[EXERCISE DETAILS] Pick out the lines below that contain the string "shower" and copy them all.

-- Opening Marker --

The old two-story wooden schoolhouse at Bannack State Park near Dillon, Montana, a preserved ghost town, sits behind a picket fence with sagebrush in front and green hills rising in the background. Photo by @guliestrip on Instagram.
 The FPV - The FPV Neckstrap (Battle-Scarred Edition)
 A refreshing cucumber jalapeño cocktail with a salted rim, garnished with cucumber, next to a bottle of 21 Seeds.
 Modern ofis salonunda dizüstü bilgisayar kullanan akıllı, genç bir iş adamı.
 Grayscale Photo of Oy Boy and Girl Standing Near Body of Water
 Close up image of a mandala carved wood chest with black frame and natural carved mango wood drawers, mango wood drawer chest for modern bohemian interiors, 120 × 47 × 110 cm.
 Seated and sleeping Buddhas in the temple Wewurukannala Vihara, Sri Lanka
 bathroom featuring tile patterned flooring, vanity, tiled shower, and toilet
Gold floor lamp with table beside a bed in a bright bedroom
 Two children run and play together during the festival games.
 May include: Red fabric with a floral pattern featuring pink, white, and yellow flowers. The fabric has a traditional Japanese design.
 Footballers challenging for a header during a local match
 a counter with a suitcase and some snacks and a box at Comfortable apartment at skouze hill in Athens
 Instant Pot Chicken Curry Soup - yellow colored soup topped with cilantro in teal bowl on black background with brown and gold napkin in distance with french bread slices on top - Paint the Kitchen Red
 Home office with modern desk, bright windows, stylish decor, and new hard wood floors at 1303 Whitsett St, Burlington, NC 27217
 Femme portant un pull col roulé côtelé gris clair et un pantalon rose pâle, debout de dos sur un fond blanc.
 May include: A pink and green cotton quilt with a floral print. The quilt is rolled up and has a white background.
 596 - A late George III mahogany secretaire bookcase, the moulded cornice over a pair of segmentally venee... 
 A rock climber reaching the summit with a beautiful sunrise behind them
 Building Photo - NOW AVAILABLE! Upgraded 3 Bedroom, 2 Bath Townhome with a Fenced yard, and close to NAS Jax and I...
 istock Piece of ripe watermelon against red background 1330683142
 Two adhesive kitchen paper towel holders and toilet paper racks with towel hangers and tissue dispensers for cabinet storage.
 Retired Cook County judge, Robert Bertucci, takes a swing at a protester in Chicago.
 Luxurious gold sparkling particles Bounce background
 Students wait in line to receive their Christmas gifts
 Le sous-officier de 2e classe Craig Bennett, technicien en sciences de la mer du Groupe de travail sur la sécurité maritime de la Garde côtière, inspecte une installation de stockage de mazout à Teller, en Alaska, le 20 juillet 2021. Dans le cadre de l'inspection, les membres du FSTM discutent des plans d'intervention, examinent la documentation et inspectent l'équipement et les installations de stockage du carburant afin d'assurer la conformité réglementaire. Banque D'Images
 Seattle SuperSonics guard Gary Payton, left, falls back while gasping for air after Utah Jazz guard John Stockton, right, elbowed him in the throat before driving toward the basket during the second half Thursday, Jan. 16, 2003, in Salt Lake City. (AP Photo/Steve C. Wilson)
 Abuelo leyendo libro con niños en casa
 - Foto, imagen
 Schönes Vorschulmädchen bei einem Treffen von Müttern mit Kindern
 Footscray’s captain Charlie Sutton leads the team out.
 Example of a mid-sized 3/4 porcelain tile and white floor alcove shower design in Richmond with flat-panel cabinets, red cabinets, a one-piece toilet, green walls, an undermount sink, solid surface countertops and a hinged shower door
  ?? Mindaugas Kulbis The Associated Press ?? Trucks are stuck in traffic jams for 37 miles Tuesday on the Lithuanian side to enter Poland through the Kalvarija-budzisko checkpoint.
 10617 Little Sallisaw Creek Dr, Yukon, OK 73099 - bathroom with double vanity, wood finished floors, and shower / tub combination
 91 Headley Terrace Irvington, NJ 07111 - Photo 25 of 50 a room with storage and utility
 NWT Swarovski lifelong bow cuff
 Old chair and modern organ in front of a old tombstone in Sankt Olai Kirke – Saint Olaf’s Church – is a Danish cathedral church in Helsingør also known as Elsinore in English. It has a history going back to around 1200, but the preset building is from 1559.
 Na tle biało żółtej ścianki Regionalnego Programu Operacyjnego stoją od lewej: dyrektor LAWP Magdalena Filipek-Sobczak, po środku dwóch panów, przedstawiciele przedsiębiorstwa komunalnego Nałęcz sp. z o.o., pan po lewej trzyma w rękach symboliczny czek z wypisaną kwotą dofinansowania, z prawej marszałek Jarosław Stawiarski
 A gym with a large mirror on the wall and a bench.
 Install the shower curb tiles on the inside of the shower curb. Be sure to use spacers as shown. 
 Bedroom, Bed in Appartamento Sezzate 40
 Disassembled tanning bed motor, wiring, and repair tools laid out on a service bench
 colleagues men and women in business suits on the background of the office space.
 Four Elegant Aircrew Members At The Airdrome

-- Closing Marker --

[ANSWER FOR THIS EXERCISE]
 bathroom featuring tile patterned flooring, vanity, tiled shower, and toilet
 Example of a mid-sized 3/4 porcelain tile and white floor alcove shower design in Richmond with flat-panel cabinets, red cabinets, a one-piece toilet, green walls, an undermount sink, solid surface countertops and a hinged shower door
 10617 Little Sallisaw Creek Dr, Yukon, OK 73099 - bathroom with double vanity, wood finished floors, and shower / tub combination
 Install the shower curb tiles on the inside of the shower curb. Be sure to use spacers as shown. 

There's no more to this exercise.